If you already have goals, focusing on your goals can enable you to enjoy solitude more. I always found, even in my most isolated moments, that when I recaptured the idea of what I really wanted out of life, I felt much better. Goals can’t replace having a social life, but they can allow you to push through a temporary patch of isolation.
This route can sometimes be difficult if you aren’t sure where to start, so if you aren’t sure what might interest you enough to work passionately on it, try starting with one of the other paths.
3. Find Meaning
You might not be able to control every part of your life, but you can control the meaning in your life. If you can create a purpose for your current isolation, that doubles your strength in moving through any obstacle. For me, I decided the meaning of my current isolation was to allow me more time to build personal skills while I worked on my social life from the outside.
Sometimes people will talk about the difference between good pain and bad pain at a gym. It’s actually a silly idea: how can any pain be good, all of it hurts? The difference is that there is a meaning for the good pain, a purpose it serves as a process in making you stronger.

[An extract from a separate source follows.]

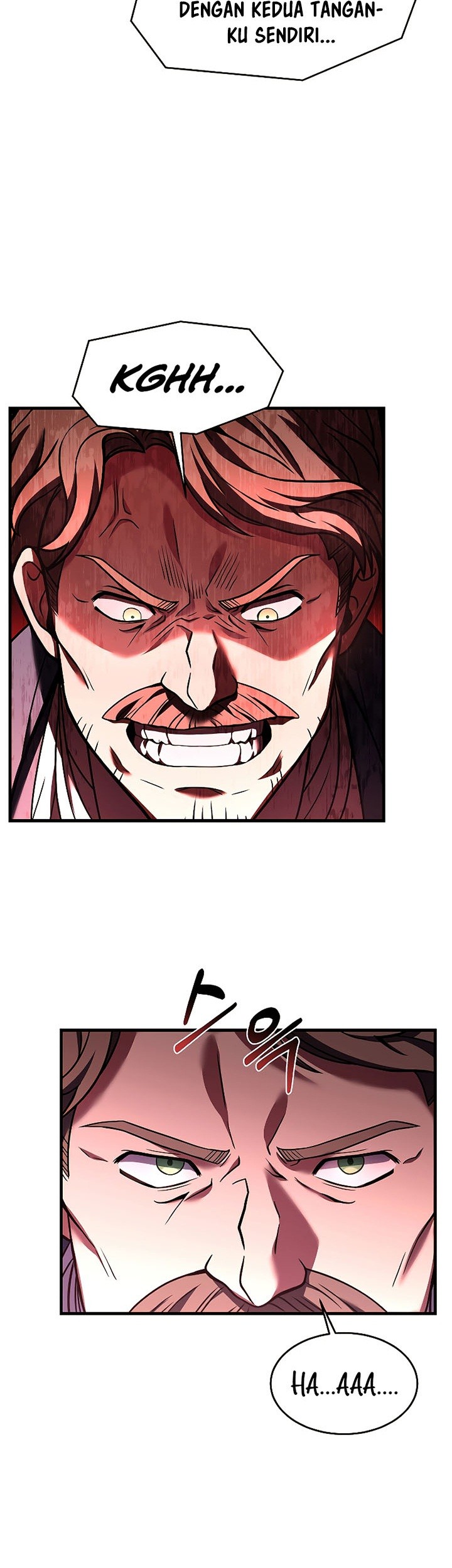 Return of The Greatest Lancer Chapter 86 - halaman 62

The bad pain, alternatively, just hurts for no purpose.
The same analogy applies to solitude: there is good solitude and bad solitude. The good solitude has a constructive purpose. It may still hurt occasionally, but if you know what it’s for and why it benefits you, the solitude can be enjoyable (just as some people love the pain they get from the gym). Your goal is to turn bad solitude into good solitude by defining the meaning it has for you.

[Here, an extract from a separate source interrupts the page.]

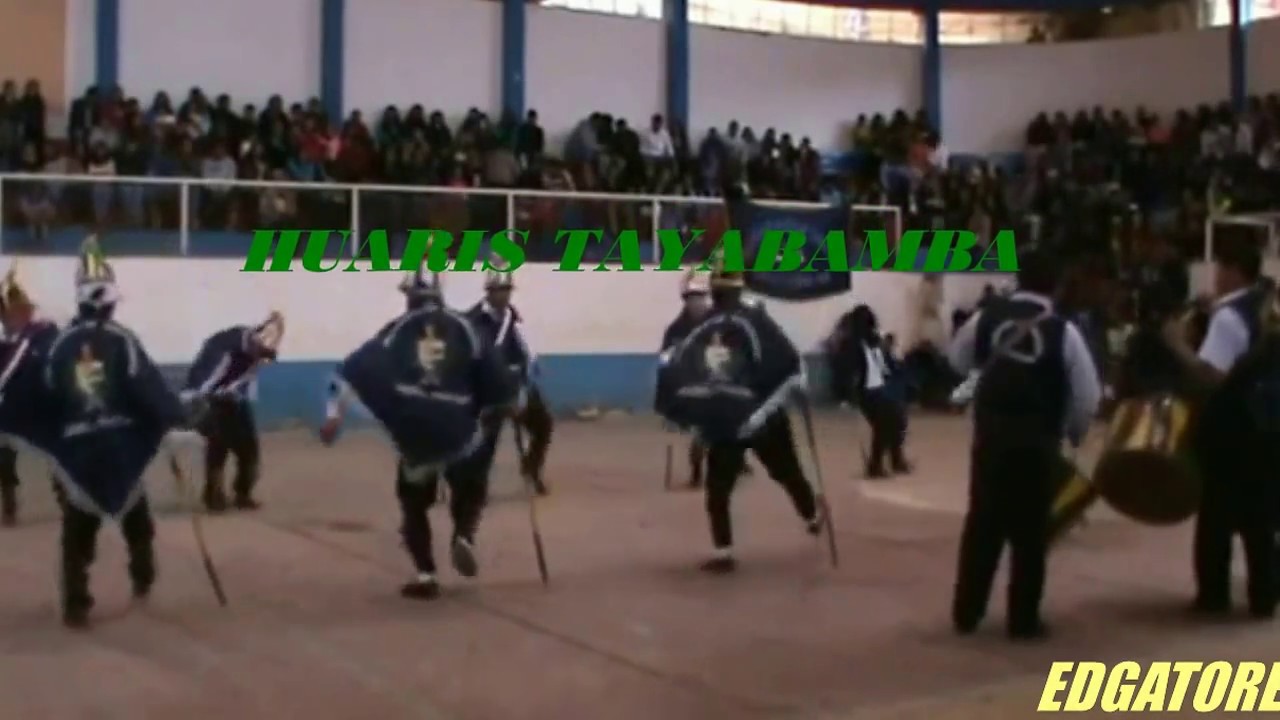 Huaris Tayabamba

If you think there is no possible reason for your being alone, think harder. You can probably come up with many opportunities it can allow, if you try. The solitude might help you focus on another important goal you have, give you a chance to increase your independence or even just give you a better appreciation of the relationships you do have.
Are You a God or Wild Beast?
My guess is neither, but you can still enjoy solitude if you set out the right intention. Solitude may take some time and practice to master, but it can allow you to achieve an incredible sense of inner peace and calmness.
Tina,
It is important to learn how to be alone. It goes with accepting yourself. Way too often, people try to change to feel like they fit in around them. The best way to be happy is to find people who love you for yourself.
Once you become a parent, solitude is hard to come by. Even going to the restroom alone becomes a treat. The quiet time becomes so special. I look forward to my quiet times.
I came to the realization that pleasure in solitude is truly that which i consider a standard. I later decided to Google what i considered an analogy from the beginning and came across this article. it almost feels like something you always wanted from a metaphysical standpoint.
Solitude has made me appreciate relations and know myself better.
Personally I feel it gives immense will to do things you really want.for eg.cracking exams,reading,exercise,cooking,gardening,whatever you like .Nice article.
The crux of your article, to me, is where you said that solitude is easy to enjoy when it’s not forced. I totally resonate with that. Ever had someone say “wait in the car, I’ll be right back,” and having to sit in an empty car all by myself (i.e. “forced solitude”) for 10 minutes can drive me nuts. But if I’m out on my own and I decide I just want to hang out in my car and take a break or whatever, hours could go by and I’m totally at peace. My example is a bit simplified (I can’t think of a better one right now), but I do know what you mean. Thank you for your thoughtful post.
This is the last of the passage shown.